Si hanno anche a. poliuretanici termoplastici, ottenuti dalla policondensazione di diisocianati con un leggero eccesso di un diolo (poliestere), in modo da ottenere un polimero a struttura lineare con terminazioni −OH e con peso molecolare dell'ordine di 100.000. Il grado di adesione esplicato da questi prodotti dipende largamente dal grado di cristallinità dei polimeri ottenuti; nel caso di prodotti con troppo bassa adesività, questa si può incrementare con introduzione di piccole quantità di isocianati reticolanti. A. di questo tipo si usano largamente in soluzione, per lo più di cloruro di metilene, per collegare pelli fra loro o con superfici di cloruro di polivinile, nella produzione di calzature, ma anche di altri materiali (gomma, metalli, legno, ecc.). Data la pericolosità del cloruro di metilene si cerca di sostituire queste soluzioni con dispersioni acquose. La dispersione si può ottenere usando tensioattivi o introducendo nella catena polimerica funzioni ioniche. Si possono ottenere dispersioni stabili con elevata percentuale di solido (40 ÷ 50%) o dispersioni miste con altri polimeri (ciò che non sempre si può ottenere nel caso di soluzioni in solventi organici); inoltre le dispersioni si possono addensare per aggiunta di fillers in modo da ottenere il grado di viscosità desiderato.
In questi ultimi anni sono stati compiuti notevoli progressi, specie su richiesta o da parte di industrie aeronautiche, aerospaziali, elettroniche, ecc., nella ricerca di a. per giunzioni assoggettabili a temperature anche molto alte e per tempi lunghi. I prodotti più importanti finora ottenuti sono a base di polimeri aromatici eterociclici, poliimmidi, polibenzoimidazoli, capaci di dare giunzioni resistenti a lungo (anche migliaia di ore) a temperature di 300 ÷ 320 °C, ma che per periodi di tempo più brevi possono arrivare a sopportare temperature anche dell'ordine di 500 ÷ 530 °C.

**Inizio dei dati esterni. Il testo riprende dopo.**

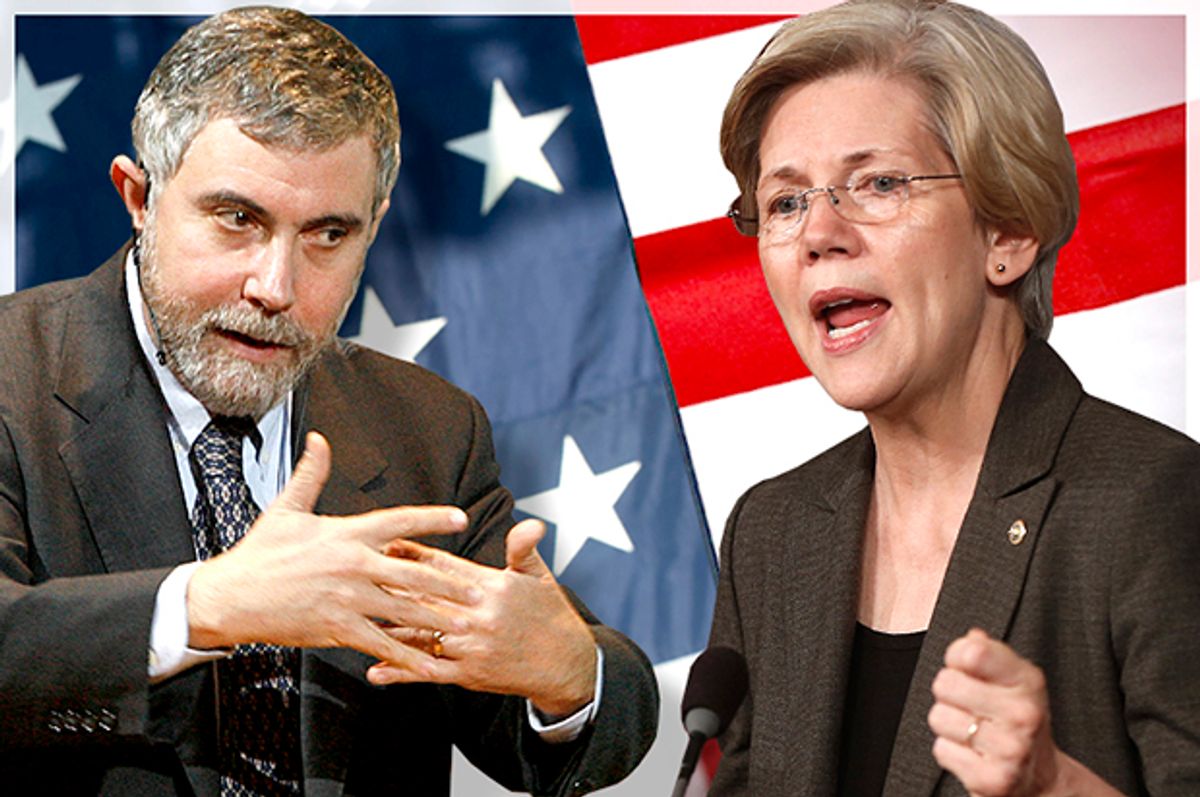 Paul Krugman, Elizabeth Warren                                     (Reuters/Bob Strong/AP/Charles Dharapak/Photo montage by Salon)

Molti di questi a. non sono in commercio perché prodotti direttamente dalle ditte utilizzatrici. Questi a. sono a base di resine, per lo più sotto forma di prepolimeri, stabili a temperatura ambiente, anche per diverse ore, ma che finiscono di condensare, e quindi d'indurire, per riscaldamento a temperature elevate, 230 ÷ 250 °C, sotto pressione (5 ÷ 10 atm); spesso la fase d'indurimento richiede tempi relativamente lunghi per riuscire a eliminare completamente componenti volatili che si sviluppano nella reazione di policondensazione (vapori d'acqua, di fenolo, ecc.). Per ridurre, o eliminare, lo sviluppo di prodotti volatili, nel caso dell'indurimento di resine poliimmidiche sono stati introdotti nei polimeri composti capaci di portare a catene aventi gruppi terminali insaturi, di tipo acetilenico.

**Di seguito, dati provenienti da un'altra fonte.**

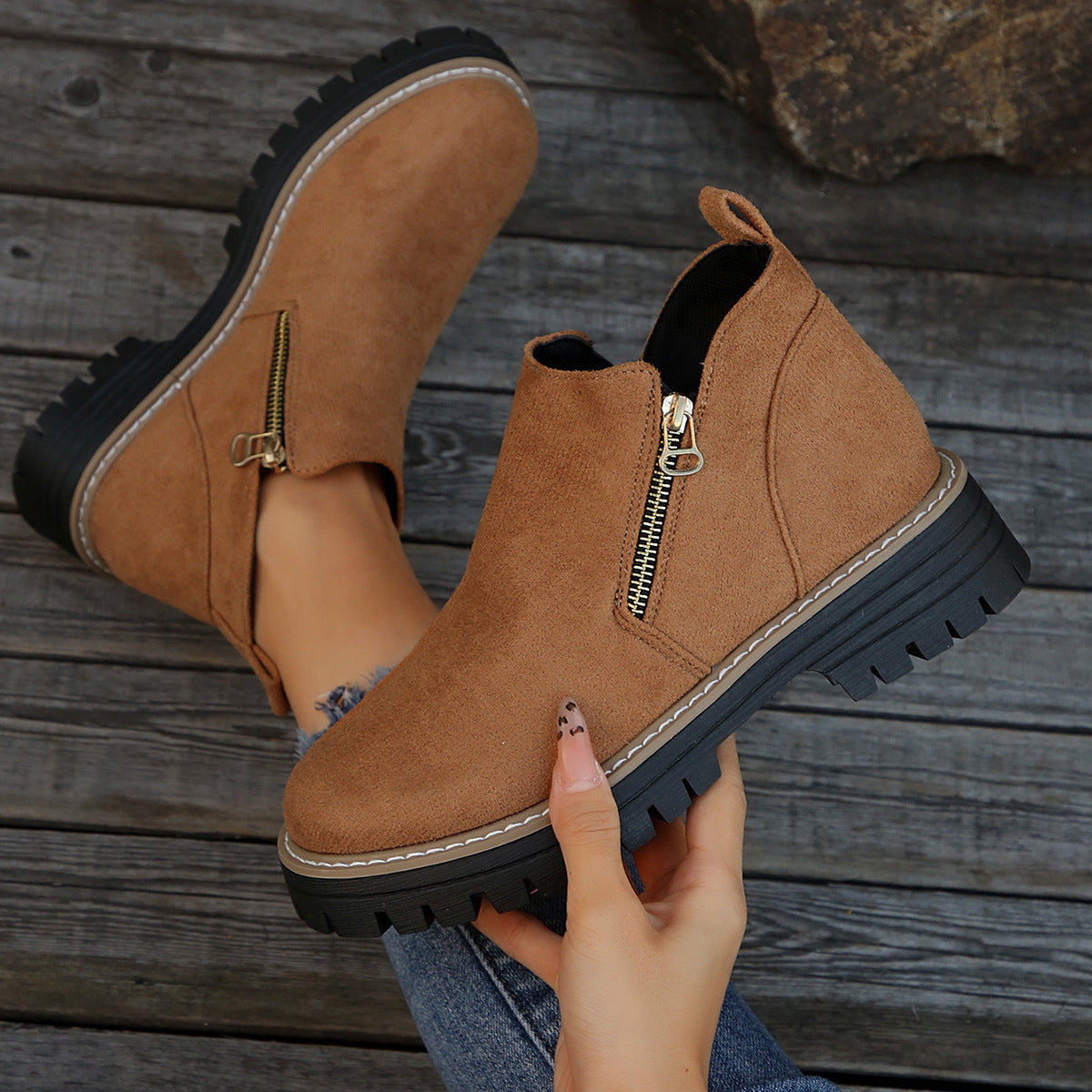 Women’s Round Toe Ankle Boots with Side Zipper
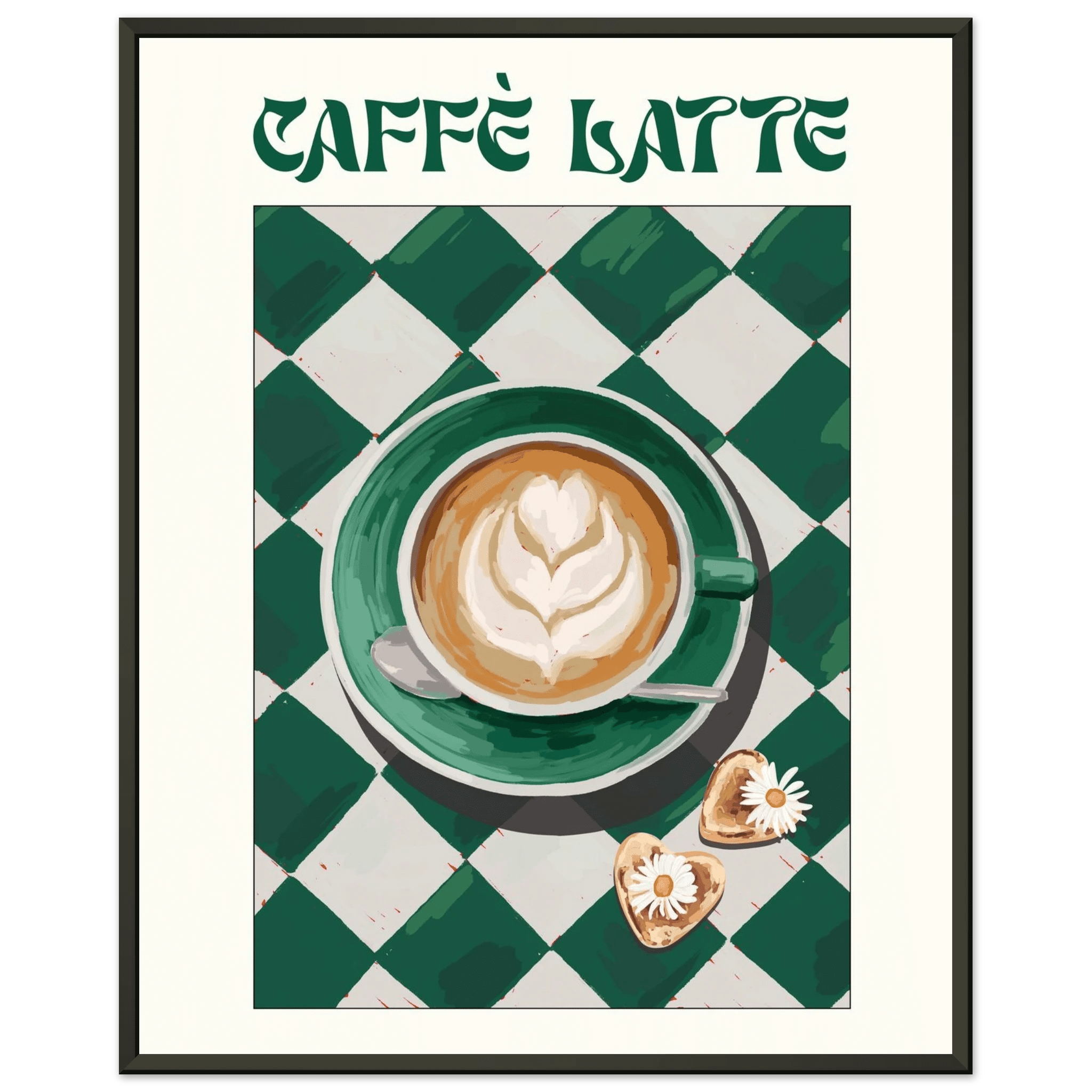 Caffè Latte Poster – Playful Coffee Kitchen Wall Art Print (Digital & Printed Options) - Evergreen Posters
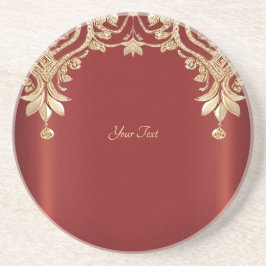 Modern Gold Red Floral Sandstone Coaster Getränkeuntersetzer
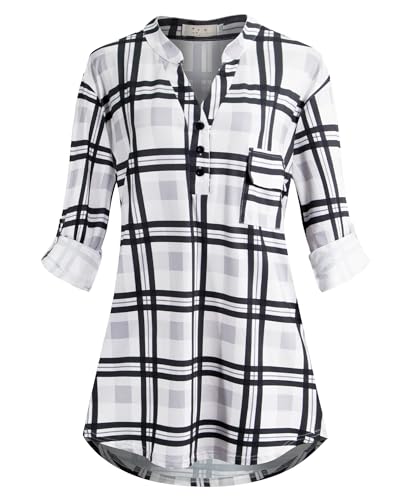 Style Slice Tunic Tops for Women UK,Checked Ladies Tops V-Neck,Plaid Blouses for Women UK
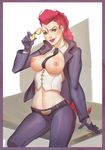  breasts capcom crimson_viper eva_solo glasses glasses_removed looking_at_viewer necktie nipples pompadour red_hair street_fighter street_fighter_iv 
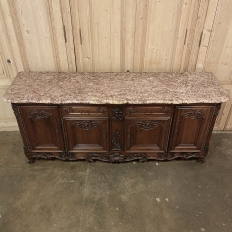 Antique French Walnut Louis XIV Marble Top Display Buffet ~ Sideboard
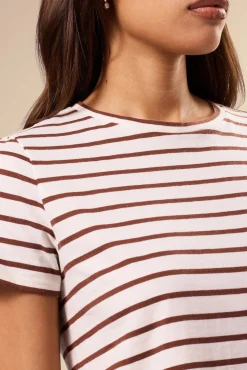 Tops|Tees^Amour Vert Berkeley Organic Cotton Tee IvoryEspressoStripe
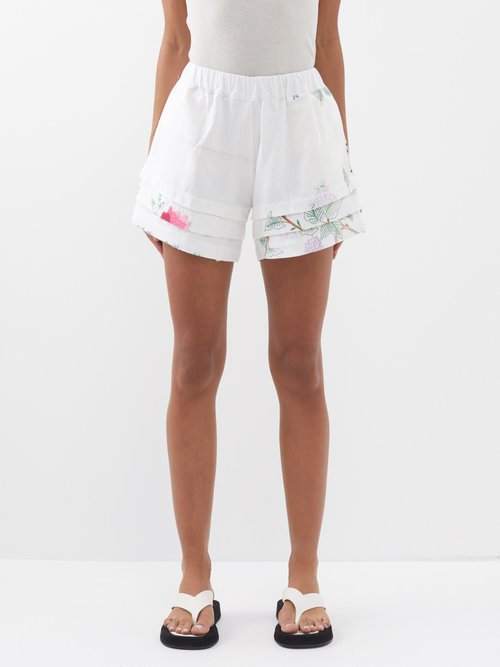 by walid - sienna tiered-hem linen shorts womens white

Le polichinossaline hanno struttura amorfa, sono solubili in solventi (per es. m−cresolo) e possono quindi essere applicate in soluzione. Sono state preparate anche fenilchinossaline nelle quali l'introduzione del gruppo fenilico impartisce oltre che buona solubilità anche termoplasticità a polimeri di relativamente elevato peso molecolare. Prodotti di questo tipo si prestano anche a dare film utilizzabili per collegare fra loro lastre metalliche di grande superficie. Introducendo in oligomeri di fenilchimossalina gruppi terminali o laterali insaturi si hanno prodotti suscettibili di dare origine a reticolazione e a giunzioni più resistenti al calore.